# ATa way out of spec!!!! HELP!



## bowhunterprime (Jan 28, 2009)

What's your brace height and draw weight? You need to check that before you start twisting/untwsiting anything. If your brace height is long and your draw weight is high, then you need to untwist your cable. That's what I'm guessing you'll have to do. Post up what you got and I'll be able to tell you more. -Chris


----------



## martincheetah (Dec 20, 2008)

bow is 45-60lbs and is maxing at around 65. Brace height is dead on at 7". I measured string and cable length and they are right too.


----------



## martincheetah (Dec 20, 2008)

ttt


----------



## cornfedkiller (Feb 16, 2008)

Take a few twists out of your cable...


----------



## martincheetah (Dec 20, 2008)

ttt


----------



## bowhunterprime (Jan 28, 2009)

24 just went off so I'm back now. And yes take some twists out of your cable until the draw weight and ATA are both on. If your brace height goes down as you untwist your cable, then put a few twists into your string. Remember to always put the same number of twists into both sides of the string (because it's a single cam bow). Let us know what happens!! -Chris


----------



## martincheetah (Dec 20, 2008)

bowhunterprime said:


> 24 just went off so I'm back now. And yes take some twists out of your cable until the draw weight and ATA are both on. If your brace height goes down as you untwist your cable, then put a few twists into your string. Remember to always put the same number of twists into both sides of the string (because it's a single cam bow). Let us know what happens!! -Chris


Thanks for the help. I got the ata a little closer (around 30") but there arent many twists left in the cable. The poundage is around 63lbs now so that a little better. I think ill have to leave it like this. Thanks for all the help everyone!


----------



## buckslayr (Jun 30, 2004)

martincheetah said:


> I was having trouble grouping arrows lately so I decided to retune my bow completely. I shoot a 2008 martin cheetah with new custom strings and cables. I was measuring my axle to axle and realized it was an inch off! It was 29.5" and it should be 30.5". Ive never had a bow this out of specs and have no idea how to get it back. Any help would be appreciated!!!
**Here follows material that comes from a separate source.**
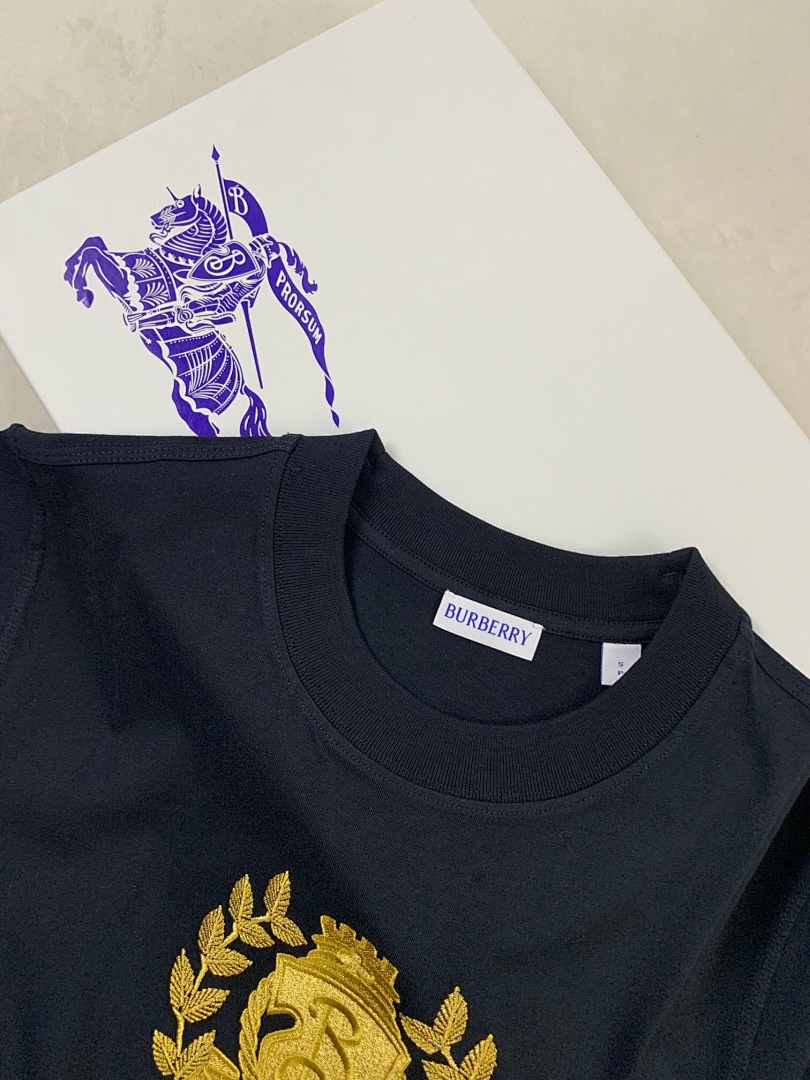 Burberry Embroidered Leaf Tee - Image 7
I have an 09 cheetah that is suppose to be 30 ATA and it is tuned great with a 29 5/8 ATA. if your bow is tuned good I don't think I would worry about the ATA. that is what i've been told anyway. Is your 08 suppose to be longer than my 09 IDK/dan


----------



## rslscobra (Jan 23, 2006)

I am more concerned with Draw Lenght, Cam Timing and Poundage. If all those are correst...I let ATA and Brace Height fall where they may.


----------